■ **Action item**
Please copy the data below exactly, from its first line through the line holding "In an age where", and skip the pictures.

Extracted records:

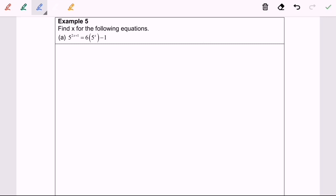Hello everyone. Now I'm going to discuss example 5a: find the value of x for the following equations. Given that 5 to the power of 2x plus 1 equals 6 multiplied with 5 to the power of x minus 1.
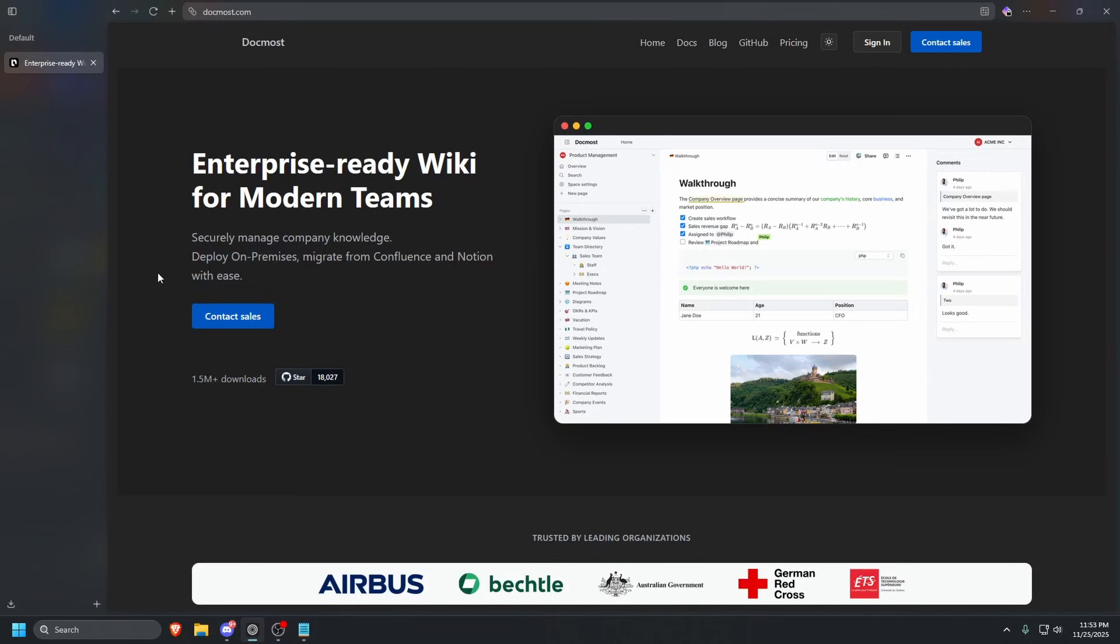In an age where organized and collaborative documentation is essential, finding the right platform that offers control, security, and a rich feature set can be a challenge. That is why today we are focusing on DocMost, a powerful open source and self-hosted wiki and documentation solution.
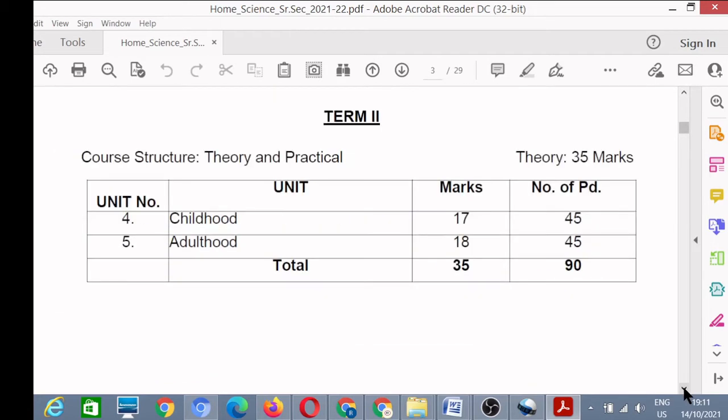In Term 2, you have Unit Number 4 and Unit Number 5 - there are two units in Term 2. Unit Number 4 is Childhood, for which you have 17 marks.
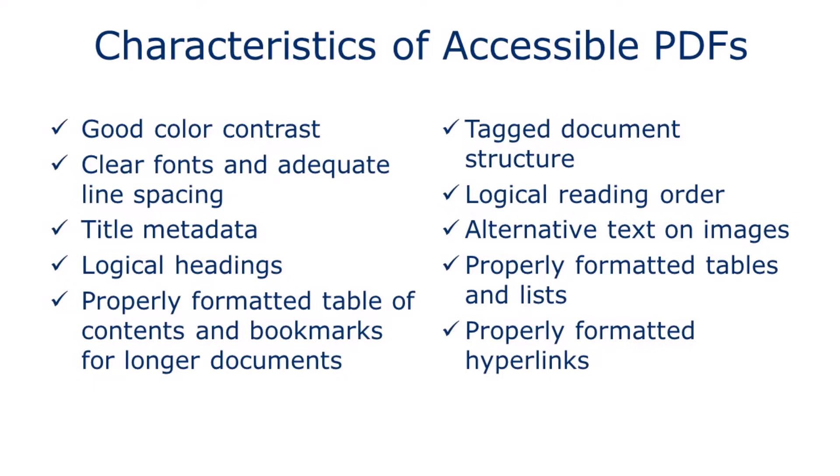We'll look at how to add alternative text to our images for screen reader users, and how to ensure that the tables, lists, and links are all properly formatted for export to PDF.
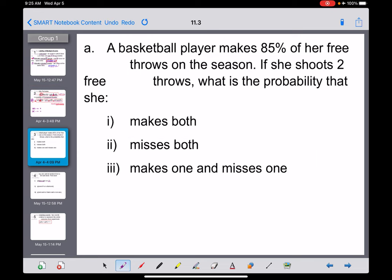Let's look at this first example. A basketball player is an 85% free throw shooter — she made 85% of all the free throws she shot this season. At the end of a game, a player gets fouled and is sent to the free throw line for two free throws. If she's an 85% free throw shooter, what's the probability that she makes both of her free throws?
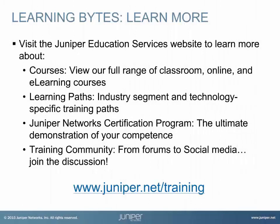Visit the Juniper Education Services website to learn more about courses. View our full range of classroom, online and e-learning courses. Learning paths, industry segment and technology specific training paths. Juniper Network's certification program, the ultimate demonstration of your competence. And the training community, from forums to social media, join the discussion.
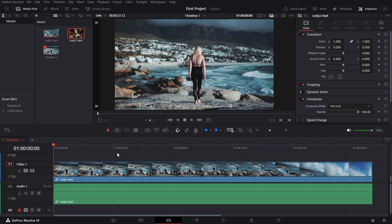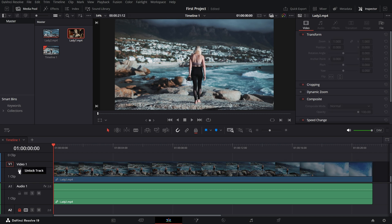On the left side of your timeline, you'll notice a small lock icon next to each track. This is what you'll use to lock or unlock your tracks.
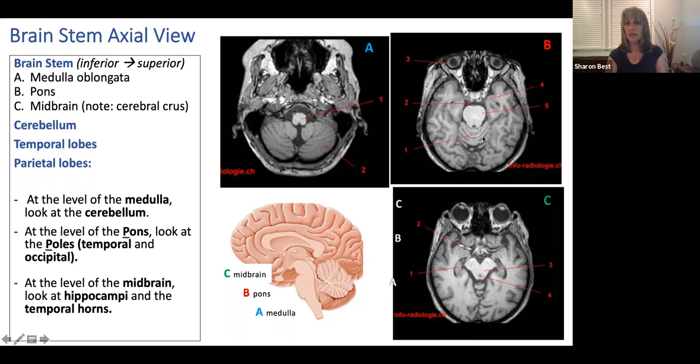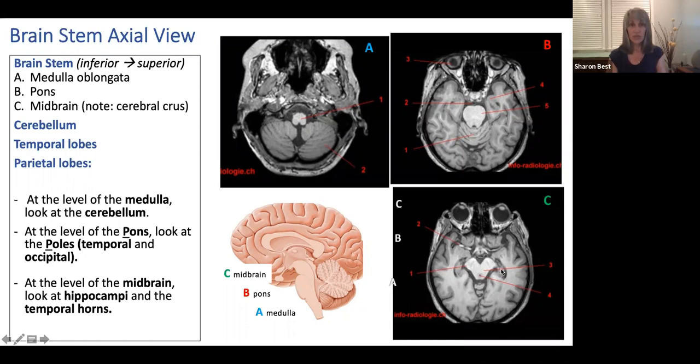As we continue to scroll superiorly, we'll see the brainstem change to the shape of the midbrain, which looks like a butterfly and is associated with the cerebral crura — large white matter tracks going to and from the cortex. At the level of the midbrain, we want to notice the right hippocampus and left hippocampus — medial temporal lobe structures very important to us in dementia.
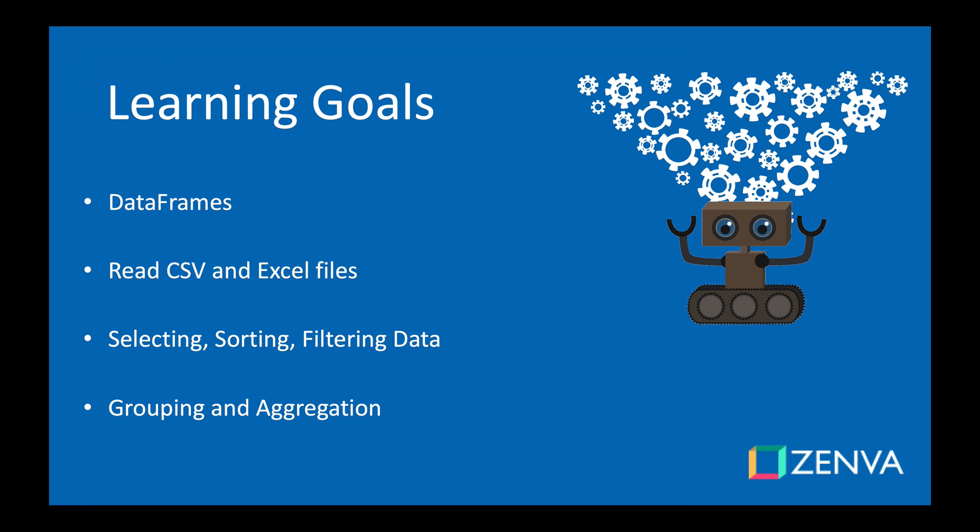Some of the things we're going to be learning about in this course: we're going to learn about DataFrames, which are how we can store data in pandas so that we can later use them for any kind of analysis. We'll learn how to read information from CSV files and Excel files.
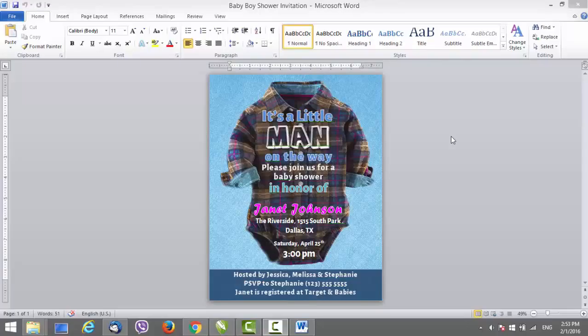Hello guys! Welcome to our latest baby boy shower invitation template made for Microsoft Word. This video is created as an instructional video for those that already got this template, but if you found the video on YouTube you can follow the link in the description where you can get this invitation template. Let's begin with the instructions.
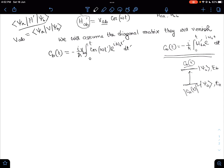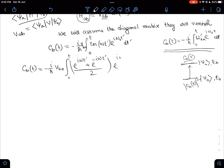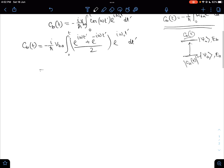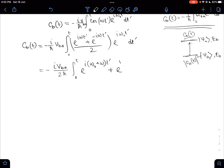We can write the cosine term as: C_B(t) = (-i/ℏ) V_BA ∫₀ᵗ [(e^(iωt') + e^(-iωt'))/2] e^(iω₀t') dt'. So we split the cosine into two exponential terms and integrate over t'.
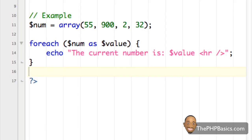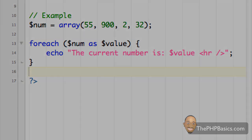That concludes this tutorial. Be sure to take the online quiz at phpbasics.com to ensure you have a good understanding of how the PHP foreach loop works. I'll see you in the next video.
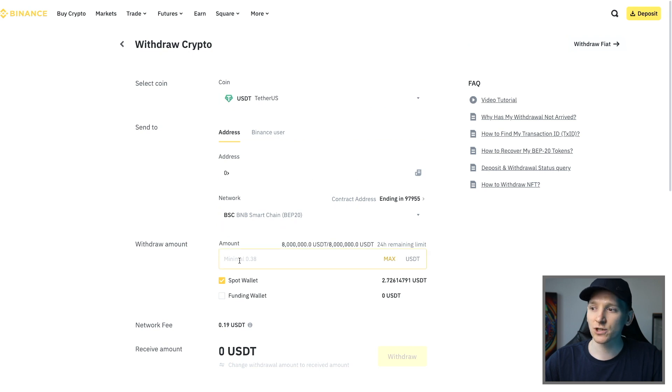You can always do a test transaction first just to make sure you're doing the right thing. Full tutorial guides for Binance and Ledger are down in the description if you need them. I'm James, this is MoneyZG — cheers for watching and I'll see you in the next one.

■ **Answer to this exercise**
Hello everyone. Now I'm going to discuss example 5a: find the value of x for the following equations. Given that 5 to the power of 2x plus 1 equals 6 multiplied with 5 to the power of x minus 1.
In an age where organized and collaborative documentation is essential, finding the right platform that offers control, security, and a rich feature set can be a challenge. That is why today we are focusing on DocMost, a powerful open source and self-hosted wiki and documentation solution.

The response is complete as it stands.